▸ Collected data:
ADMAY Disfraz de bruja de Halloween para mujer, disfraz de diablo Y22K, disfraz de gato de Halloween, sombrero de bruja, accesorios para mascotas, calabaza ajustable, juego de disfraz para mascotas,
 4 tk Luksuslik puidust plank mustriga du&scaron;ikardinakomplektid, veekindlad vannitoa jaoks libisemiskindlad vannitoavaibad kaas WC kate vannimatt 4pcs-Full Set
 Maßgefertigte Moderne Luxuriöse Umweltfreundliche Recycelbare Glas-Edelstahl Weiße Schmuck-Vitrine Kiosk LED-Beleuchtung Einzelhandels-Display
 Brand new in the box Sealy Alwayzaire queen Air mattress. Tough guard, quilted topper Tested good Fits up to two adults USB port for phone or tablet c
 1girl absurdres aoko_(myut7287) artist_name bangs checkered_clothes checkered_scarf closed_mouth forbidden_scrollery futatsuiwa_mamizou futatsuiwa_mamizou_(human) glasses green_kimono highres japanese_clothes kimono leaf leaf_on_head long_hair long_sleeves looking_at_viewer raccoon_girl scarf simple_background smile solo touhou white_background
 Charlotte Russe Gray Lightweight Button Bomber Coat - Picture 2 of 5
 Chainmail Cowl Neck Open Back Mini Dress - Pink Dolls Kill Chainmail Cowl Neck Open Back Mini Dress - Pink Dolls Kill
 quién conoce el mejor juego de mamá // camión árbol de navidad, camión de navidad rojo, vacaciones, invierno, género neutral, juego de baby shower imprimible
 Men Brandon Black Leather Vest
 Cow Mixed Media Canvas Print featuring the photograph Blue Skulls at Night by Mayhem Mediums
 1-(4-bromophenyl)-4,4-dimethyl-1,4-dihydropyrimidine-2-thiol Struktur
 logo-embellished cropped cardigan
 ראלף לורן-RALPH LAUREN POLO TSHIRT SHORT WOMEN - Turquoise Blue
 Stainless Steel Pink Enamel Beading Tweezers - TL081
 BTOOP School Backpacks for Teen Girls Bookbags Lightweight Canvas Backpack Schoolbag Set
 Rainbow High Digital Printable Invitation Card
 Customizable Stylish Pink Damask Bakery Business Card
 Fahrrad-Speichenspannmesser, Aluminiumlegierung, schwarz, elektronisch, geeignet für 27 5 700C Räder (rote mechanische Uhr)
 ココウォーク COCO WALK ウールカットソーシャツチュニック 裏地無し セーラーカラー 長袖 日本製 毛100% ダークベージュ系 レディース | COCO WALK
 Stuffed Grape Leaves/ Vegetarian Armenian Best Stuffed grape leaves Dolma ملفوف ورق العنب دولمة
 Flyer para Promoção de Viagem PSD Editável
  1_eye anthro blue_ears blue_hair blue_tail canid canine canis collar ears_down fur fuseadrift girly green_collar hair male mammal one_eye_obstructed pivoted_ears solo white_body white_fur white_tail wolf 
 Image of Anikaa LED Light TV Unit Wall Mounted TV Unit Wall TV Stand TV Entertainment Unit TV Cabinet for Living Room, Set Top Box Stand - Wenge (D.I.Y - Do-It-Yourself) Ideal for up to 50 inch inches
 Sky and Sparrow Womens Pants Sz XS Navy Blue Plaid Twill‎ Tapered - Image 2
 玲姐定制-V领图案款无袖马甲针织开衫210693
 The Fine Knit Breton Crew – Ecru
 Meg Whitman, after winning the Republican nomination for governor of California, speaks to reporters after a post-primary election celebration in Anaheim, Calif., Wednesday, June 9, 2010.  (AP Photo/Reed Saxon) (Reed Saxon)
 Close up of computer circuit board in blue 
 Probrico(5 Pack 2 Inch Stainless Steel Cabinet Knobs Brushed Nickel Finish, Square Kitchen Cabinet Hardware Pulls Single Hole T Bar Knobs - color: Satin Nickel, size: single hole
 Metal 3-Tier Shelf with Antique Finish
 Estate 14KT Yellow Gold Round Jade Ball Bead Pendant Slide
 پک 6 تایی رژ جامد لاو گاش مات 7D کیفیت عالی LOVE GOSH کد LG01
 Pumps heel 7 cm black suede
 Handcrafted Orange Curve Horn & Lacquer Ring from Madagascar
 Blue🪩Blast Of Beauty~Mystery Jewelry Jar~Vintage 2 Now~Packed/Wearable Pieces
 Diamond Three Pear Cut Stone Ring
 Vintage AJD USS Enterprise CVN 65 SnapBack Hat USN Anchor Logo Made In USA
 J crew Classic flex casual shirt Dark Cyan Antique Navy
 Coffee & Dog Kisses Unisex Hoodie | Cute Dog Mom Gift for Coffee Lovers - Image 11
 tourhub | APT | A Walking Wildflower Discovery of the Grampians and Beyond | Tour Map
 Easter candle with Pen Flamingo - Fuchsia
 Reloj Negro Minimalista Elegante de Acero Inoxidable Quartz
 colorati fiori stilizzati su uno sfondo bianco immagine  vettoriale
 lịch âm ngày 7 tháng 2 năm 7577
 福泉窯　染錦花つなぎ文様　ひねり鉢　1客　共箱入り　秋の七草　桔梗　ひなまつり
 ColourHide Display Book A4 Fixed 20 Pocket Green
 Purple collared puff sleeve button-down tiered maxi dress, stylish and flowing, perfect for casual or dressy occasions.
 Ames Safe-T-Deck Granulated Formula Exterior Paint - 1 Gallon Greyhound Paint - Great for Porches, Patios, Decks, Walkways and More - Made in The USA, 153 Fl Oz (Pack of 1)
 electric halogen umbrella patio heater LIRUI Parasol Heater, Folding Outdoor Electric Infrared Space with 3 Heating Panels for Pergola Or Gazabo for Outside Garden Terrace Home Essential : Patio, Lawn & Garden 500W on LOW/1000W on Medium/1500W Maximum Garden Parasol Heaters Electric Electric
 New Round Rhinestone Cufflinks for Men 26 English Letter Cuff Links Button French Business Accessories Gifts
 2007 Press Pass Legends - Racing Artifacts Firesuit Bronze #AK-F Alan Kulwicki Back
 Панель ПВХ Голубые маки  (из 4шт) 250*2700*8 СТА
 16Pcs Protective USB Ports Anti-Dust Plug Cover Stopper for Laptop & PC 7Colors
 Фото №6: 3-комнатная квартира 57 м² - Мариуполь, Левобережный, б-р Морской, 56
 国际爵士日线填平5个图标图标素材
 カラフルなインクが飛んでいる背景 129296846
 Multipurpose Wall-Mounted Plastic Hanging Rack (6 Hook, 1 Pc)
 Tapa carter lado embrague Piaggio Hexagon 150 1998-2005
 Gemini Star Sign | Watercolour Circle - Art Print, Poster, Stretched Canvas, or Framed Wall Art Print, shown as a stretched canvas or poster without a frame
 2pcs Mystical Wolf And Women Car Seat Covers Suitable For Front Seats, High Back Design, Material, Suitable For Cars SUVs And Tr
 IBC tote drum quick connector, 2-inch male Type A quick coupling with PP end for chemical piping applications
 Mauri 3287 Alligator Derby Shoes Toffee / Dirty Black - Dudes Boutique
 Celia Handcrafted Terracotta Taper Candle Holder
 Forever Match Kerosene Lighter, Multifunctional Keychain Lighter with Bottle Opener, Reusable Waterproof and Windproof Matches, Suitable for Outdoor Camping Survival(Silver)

▸ WORK INSTRUCTION: Please return every line of the data, unaltered.

▸ FINISHED TASK:
ADMAY Disfraz de bruja de Halloween para mujer, disfraz de diablo Y22K, disfraz de gato de Halloween, sombrero de bruja, accesorios para mascotas, calabaza ajustable, juego de disfraz para mascotas,
 4 tk Luksuslik puidust plank mustriga du&scaron;ikardinakomplektid, veekindlad vannitoa jaoks libisemiskindlad vannitoavaibad kaas WC kate vannimatt 4pcs-Full Set
 Maßgefertigte Moderne Luxuriöse Umweltfreundliche Recycelbare Glas-Edelstahl Weiße Schmuck-Vitrine Kiosk LED-Beleuchtung Einzelhandels-Display
 Brand new in the box Sealy Alwayzaire queen Air mattress. Tough guard, quilted topper Tested good Fits up to two adults USB port for phone or tablet c
 1girl absurdres aoko_(myut7287) artist_name bangs checkered_clothes checkered_scarf closed_mouth forbidden_scrollery futatsuiwa_mamizou futatsuiwa_mamizou_(human) glasses green_kimono highres japanese_clothes kimono leaf leaf_on_head long_hair long_sleeves looking_at_viewer raccoon_girl scarf simple_background smile solo touhou white_background
 Charlotte Russe Gray Lightweight Button Bomber Coat - Picture 2 of 5
 Chainmail Cowl Neck Open Back Mini Dress - Pink Dolls Kill Chainmail Cowl Neck Open Back Mini Dress - Pink Dolls Kill
 quién conoce el mejor juego de mamá // camión árbol de navidad, camión de navidad rojo, vacaciones, invierno, género neutral, juego de baby shower imprimible
 Men Brandon Black Leather Vest
 Cow Mixed Media Canvas Print featuring the photograph Blue Skulls at Night by Mayhem Mediums
 1-(4-bromophenyl)-4,4-dimethyl-1,4-dihydropyrimidine-2-thiol Struktur
 logo-embellished cropped cardigan
 ראלף לורן-RALPH LAUREN POLO TSHIRT SHORT WOMEN - Turquoise Blue
 Stainless Steel Pink Enamel Beading Tweezers - TL081
 BTOOP School Backpacks for Teen Girls Bookbags Lightweight Canvas Backpack Schoolbag Set
 Rainbow High Digital Printable Invitation Card
 Customizable Stylish Pink Damask Bakery Business Card
 Fahrrad-Speichenspannmesser, Aluminiumlegierung, schwarz, elektronisch, geeignet für 27 5 700C Räder (rote mechanische Uhr)
 ココウォーク COCO WALK ウールカットソーシャツチュニック 裏地無し セーラーカラー 長袖 日本製 毛100% ダークベージュ系 レディース | COCO WALK
 Stuffed Grape Leaves/ Vegetarian Armenian Best Stuffed grape leaves Dolma ملفوف ورق العنب دولمة
 Flyer para Promoção de Viagem PSD Editável
  1_eye anthro blue_ears blue_hair blue_tail canid canine canis collar ears_down fur fuseadrift girly green_collar hair male mammal one_eye_obstructed pivoted_ears solo white_body white_fur white_tail wolf 
 Image of Anikaa LED Light TV Unit Wall Mounted TV Unit Wall TV Stand TV Entertainment Unit TV Cabinet for Living Room, Set Top Box Stand - Wenge (D.I.Y - Do-It-Yourself) Ideal for up to 50 inch inches
 Sky and Sparrow Womens Pants Sz XS Navy Blue Plaid Twill‎ Tapered - Image 2
 玲姐定制-V领图案款无袖马甲针织开衫210693
 The Fine Knit Breton Crew – Ecru
 Meg Whitman, after winning the Republican nomination for governor of California, speaks to reporters after a post-primary election celebration in Anaheim, Calif., Wednesday, June 9, 2010.  (AP Photo/Reed Saxon) (Reed Saxon)
 Close up of computer circuit board in blue 
 Probrico(5 Pack 2 Inch Stainless Steel Cabinet Knobs Brushed Nickel Finish, Square Kitchen Cabinet Hardware Pulls Single Hole T Bar Knobs - color: Satin Nickel, size: single hole
 Metal 3-Tier Shelf with Antique Finish
 Estate 14KT Yellow Gold Round Jade Ball Bead Pendant Slide
 پک 6 تایی رژ جامد لاو گاش مات 7D کیفیت عالی LOVE GOSH کد LG01
 Pumps heel 7 cm black suede
 Handcrafted Orange Curve Horn & Lacquer Ring from Madagascar
 Blue🪩Blast Of Beauty~Mystery Jewelry Jar~Vintage 2 Now~Packed/Wearable Pieces
 Diamond Three Pear Cut Stone Ring
 Vintage AJD USS Enterprise CVN 65 SnapBack Hat USN Anchor Logo Made In USA
 J crew Classic flex casual shirt Dark Cyan Antique Navy
 Coffee & Dog Kisses Unisex Hoodie | Cute Dog Mom Gift for Coffee Lovers - Image 11
 tourhub | APT | A Walking Wildflower Discovery of the Grampians and Beyond | Tour Map
 Easter candle with Pen Flamingo - Fuchsia
 Reloj Negro Minimalista Elegante de Acero Inoxidable Quartz
 colorati fiori stilizzati su uno sfondo bianco immagine  vettoriale
 lịch âm ngày 7 tháng 2 năm 7577
 福泉窯　染錦花つなぎ文様　ひねり鉢　1客　共箱入り　秋の七草　桔梗　ひなまつり
 ColourHide Display Book A4 Fixed 20 Pocket Green
 Purple collared puff sleeve button-down tiered maxi dress, stylish and flowing, perfect for casual or dressy occasions.
 Ames Safe-T-Deck Granulated Formula Exterior Paint - 1 Gallon Greyhound Paint - Great for Porches, Patios, Decks, Walkways and More - Made in The USA, 153 Fl Oz (Pack of 1)
 electric halogen umbrella patio heater LIRUI Parasol Heater, Folding Outdoor Electric Infrared Space with 3 Heating Panels for Pergola Or Gazabo for Outside Garden Terrace Home Essential : Patio, Lawn & Garden 500W on LOW/1000W on Medium/1500W Maximum Garden Parasol Heaters Electric Electric
 New Round Rhinestone Cufflinks for Men 26 English Letter Cuff Links Button French Business Accessories Gifts
 2007 Press Pass Legends - Racing Artifacts Firesuit Bronze #AK-F Alan Kulwicki Back
 Панель ПВХ Голубые маки  (из 4шт) 250*2700*8 СТА
 16Pcs Protective USB Ports Anti-Dust Plug Cover Stopper for Laptop & PC 7Colors
 Фото №6: 3-комнатная квартира 57 м² - Мариуполь, Левобережный, б-р Морской, 56
 国际爵士日线填平5个图标图标素材
 カラフルなインクが飛んでいる背景 129296846
 Multipurpose Wall-Mounted Plastic Hanging Rack (6 Hook, 1 Pc)
 Tapa carter lado embrague Piaggio Hexagon 150 1998-2005
 Gemini Star Sign | Watercolour Circle - Art Print, Poster, Stretched Canvas, or Framed Wall Art Print, shown as a stretched canvas or poster without a frame
 2pcs Mystical Wolf And Women Car Seat Covers Suitable For Front Seats, High Back Design, Material, Suitable For Cars SUVs And Tr
 IBC tote drum quick connector, 2-inch male Type A quick coupling with PP end for chemical piping applications
 Mauri 3287 Alligator Derby Shoes Toffee / Dirty Black - Dudes Boutique
 Celia Handcrafted Terracotta Taper Candle Holder
 Forever Match Kerosene Lighter, Multifunctional Keychain Lighter with Bottle Opener, Reusable Waterproof and Windproof Matches, Suitable for Outdoor Camping Survival(Silver)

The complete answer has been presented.